_SOURCE MATERIAL:_
────────────────────
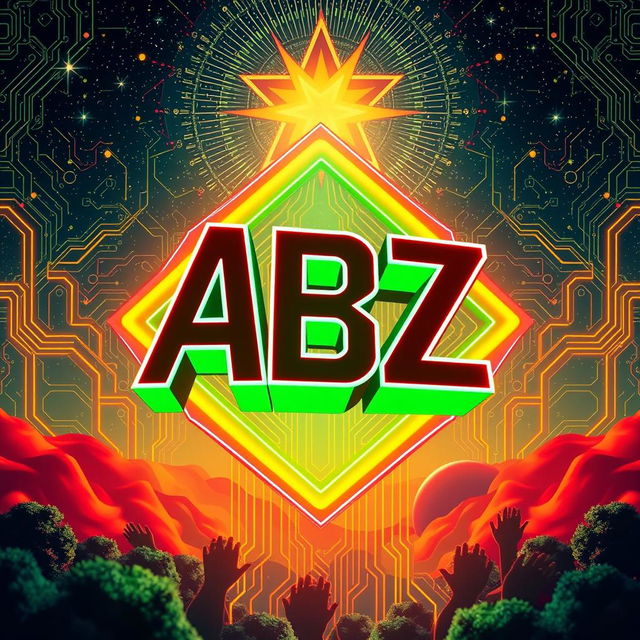 A logo featuring the letters 'ABZ' designed with custom 3D stereo effects, accentuated by abstract lines that create an innovative geometric shape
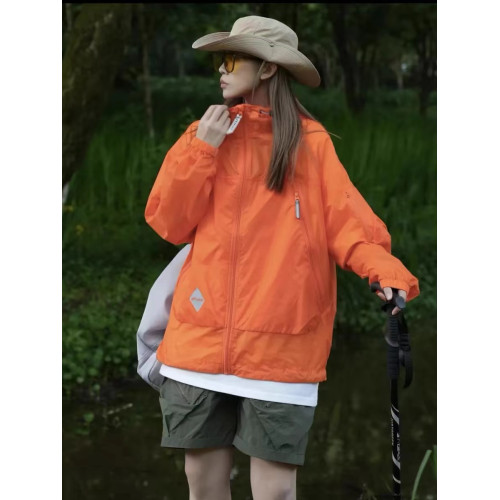 戶外運動防曬衣外套女男女同款防紫外線UPF50+輕薄透氣防水沖鋒衣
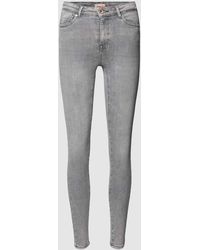 ONLY - Skinny Fit Jeans im Used-Look Modell 'POWER' - Lyst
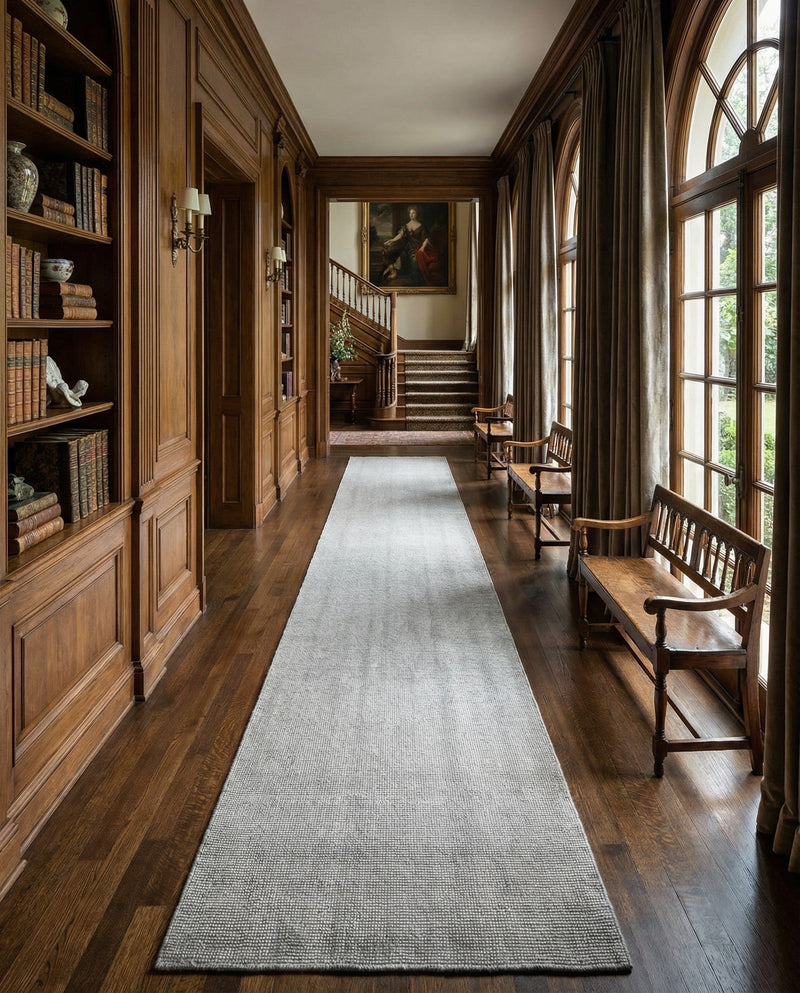 Berkshire Estate Collection Area Rug - Windsor (Grey Manor) Runner Grey Manor  lifestyle 50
────────────────────
_ASSIGNMENT:_ None of the pictures should appear; copy the rest of the material above exactly.

_ANSWER SPACE:_
 A logo featuring the letters 'ABZ' designed with custom 3D stereo effects, accentuated by abstract lines that create an innovative geometric shape
 戶外運動防曬衣外套女男女同款防紫外線UPF50+輕薄透氣防水沖鋒衣
 ONLY - Skinny Fit Jeans im Used-Look Modell 'POWER' - Lyst
 Berkshire Estate Collection Area Rug - Windsor (Grey Manor) Runner Grey Manor  lifestyle 50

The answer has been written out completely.